WORK REQUIRED
Return, with both end lines included, exactly what the data below holds from the line with "MARIKOO Damen Winterjacke" through the line with "Palm Trees &", though not the pictures.

╭─ SUPPLIED RECORDS

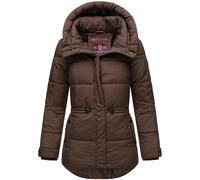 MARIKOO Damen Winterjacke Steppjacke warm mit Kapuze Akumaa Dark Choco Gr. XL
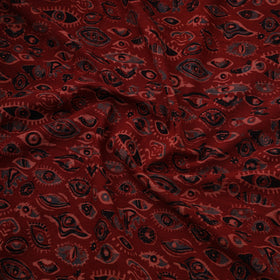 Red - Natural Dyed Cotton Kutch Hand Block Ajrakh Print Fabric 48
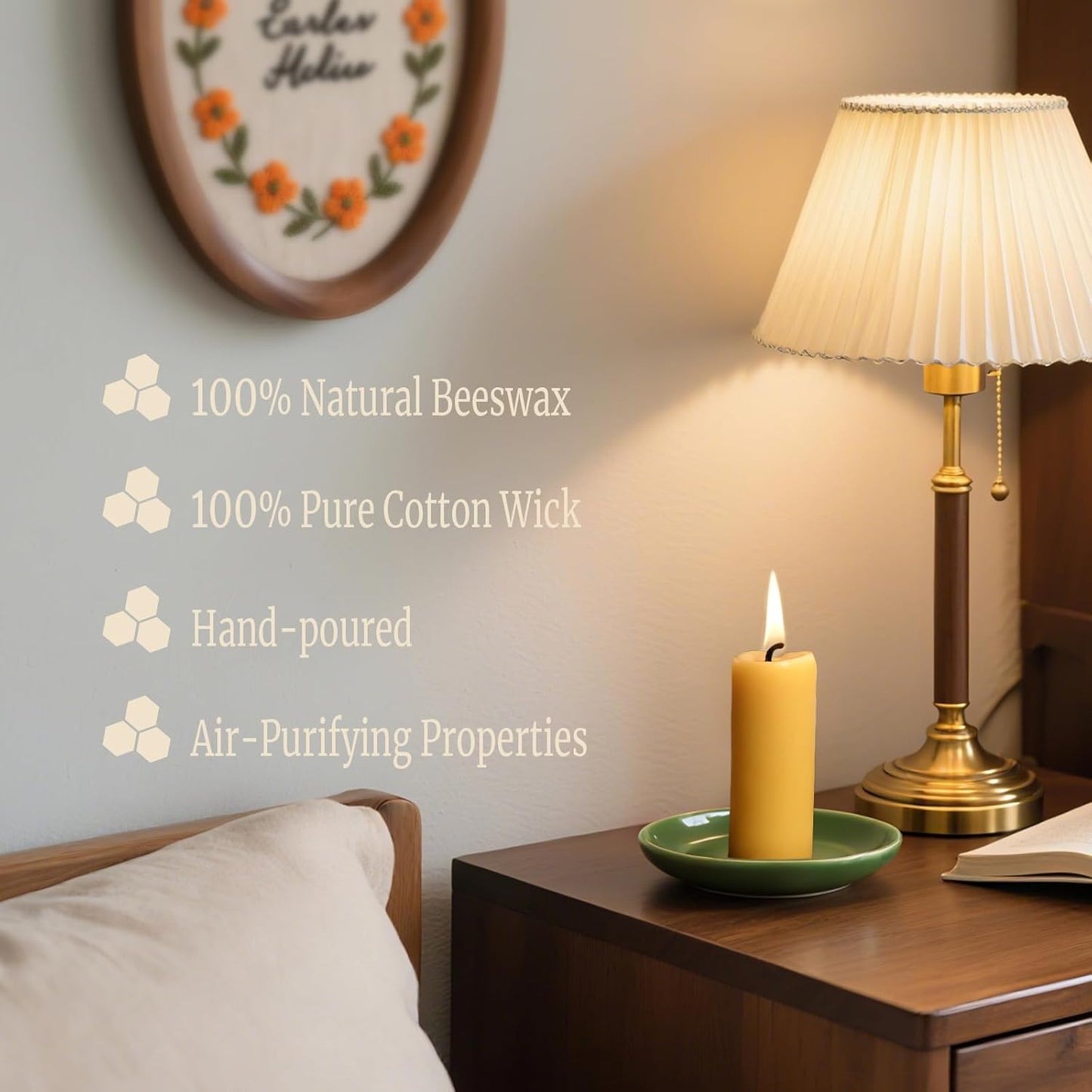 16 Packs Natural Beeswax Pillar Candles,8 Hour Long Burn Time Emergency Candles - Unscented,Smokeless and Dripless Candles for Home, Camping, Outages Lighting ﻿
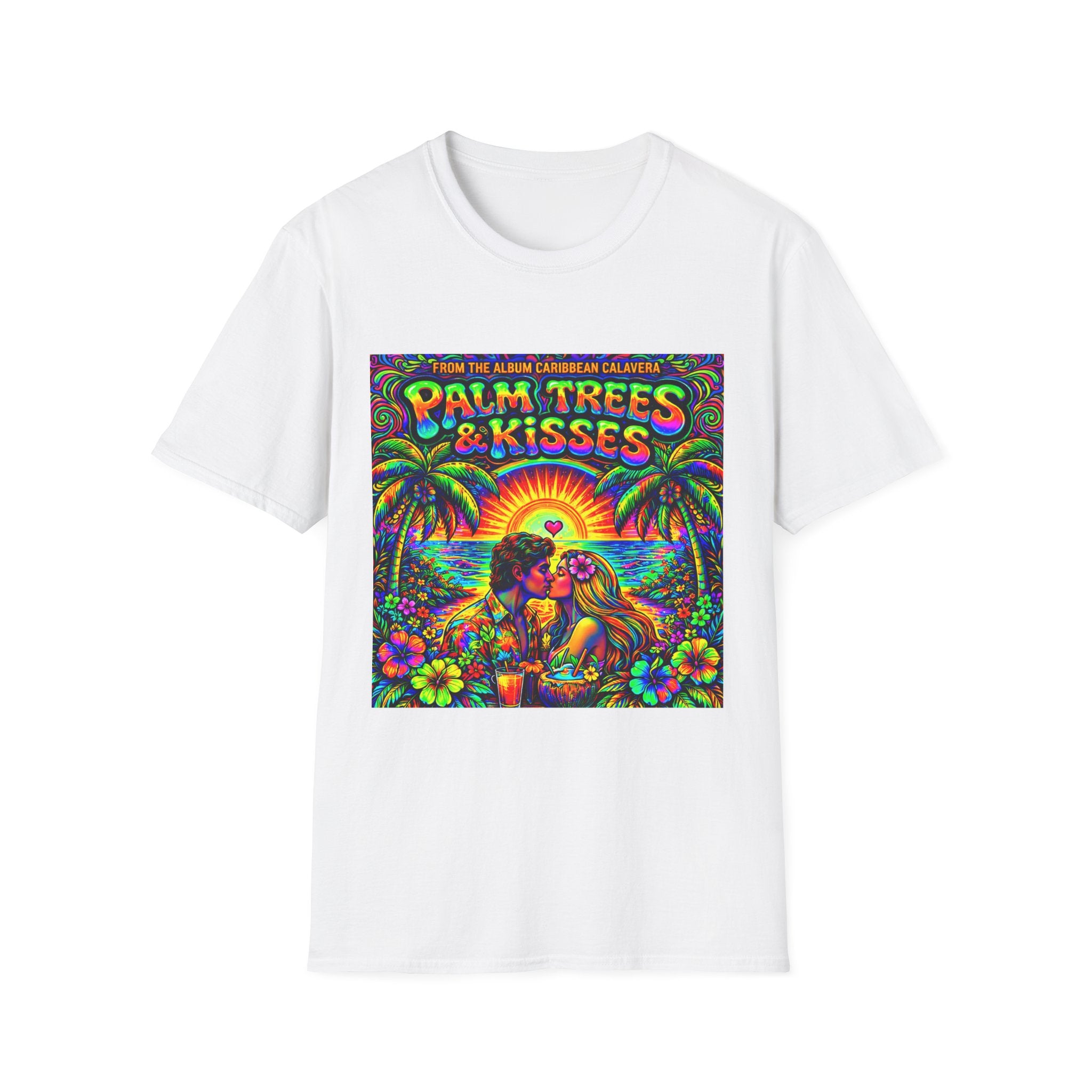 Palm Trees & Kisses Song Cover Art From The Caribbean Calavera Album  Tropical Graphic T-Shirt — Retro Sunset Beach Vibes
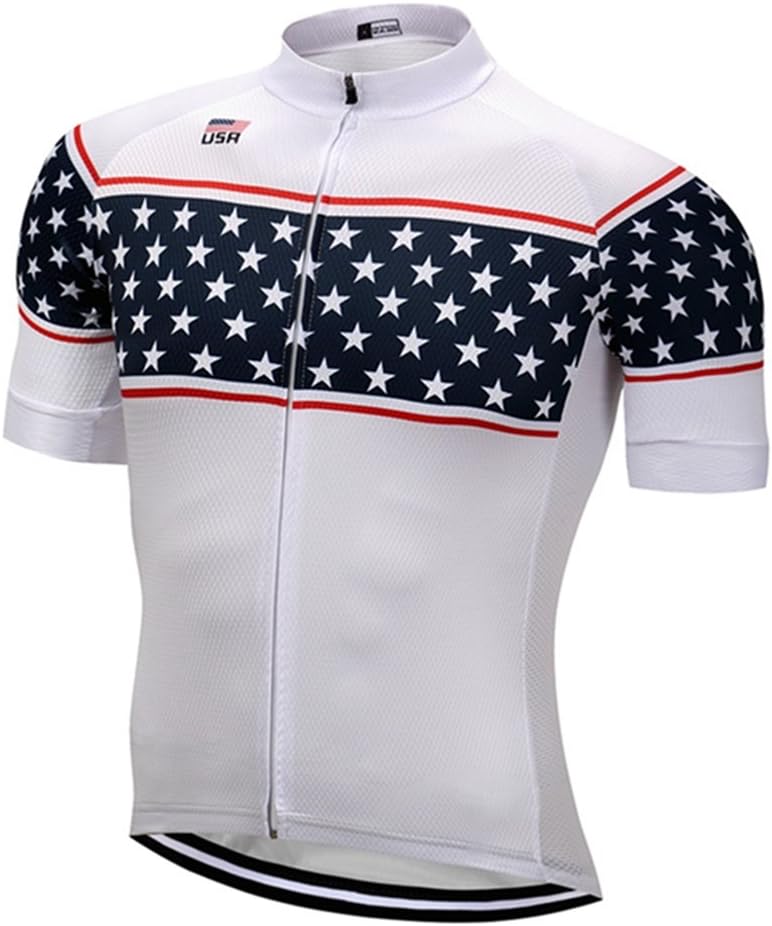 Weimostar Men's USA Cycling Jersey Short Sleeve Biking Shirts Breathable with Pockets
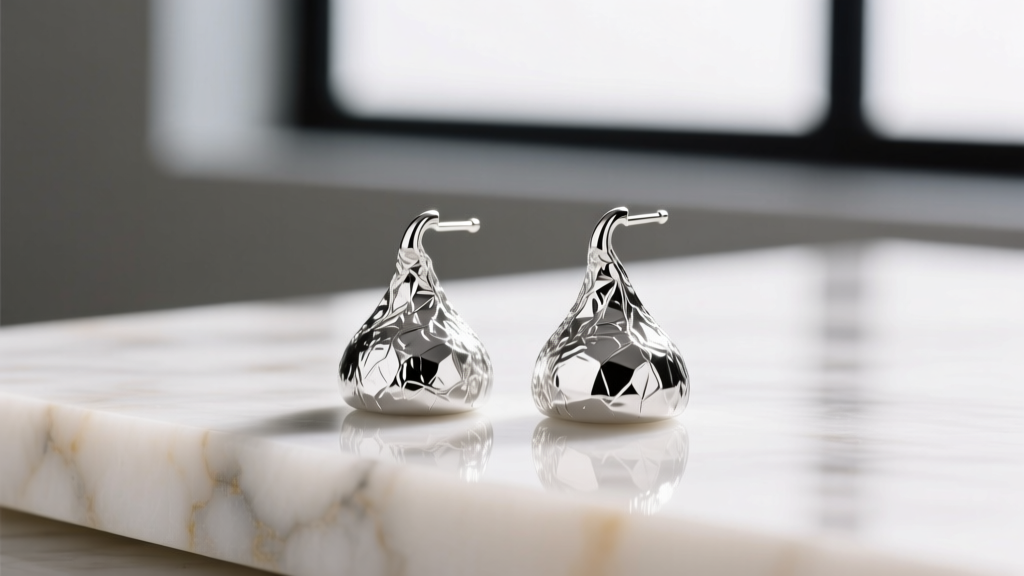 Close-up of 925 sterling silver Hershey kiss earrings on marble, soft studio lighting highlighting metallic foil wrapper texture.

╰─
╭─ SUPPLIED RECORDS

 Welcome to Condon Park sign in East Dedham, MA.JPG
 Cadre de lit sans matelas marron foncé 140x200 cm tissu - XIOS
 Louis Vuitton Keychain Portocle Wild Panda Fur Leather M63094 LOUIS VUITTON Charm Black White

╰─

YOUR SOLUTION
 MARIKOO Damen Winterjacke Steppjacke warm mit Kapuze Akumaa Dark Choco Gr. XL
 Red - Natural Dyed Cotton Kutch Hand Block Ajrakh Print Fabric 48
 16 Packs Natural Beeswax Pillar Candles,8 Hour Long Burn Time Emergency Candles - Unscented,Smokeless and Dripless Candles for Home, Camping, Outages Lighting ﻿
 Palm Trees & Kisses Song Cover Art From The Caribbean Calavera Album  Tropical Graphic T-Shirt — Retro Sunset Beach Vibes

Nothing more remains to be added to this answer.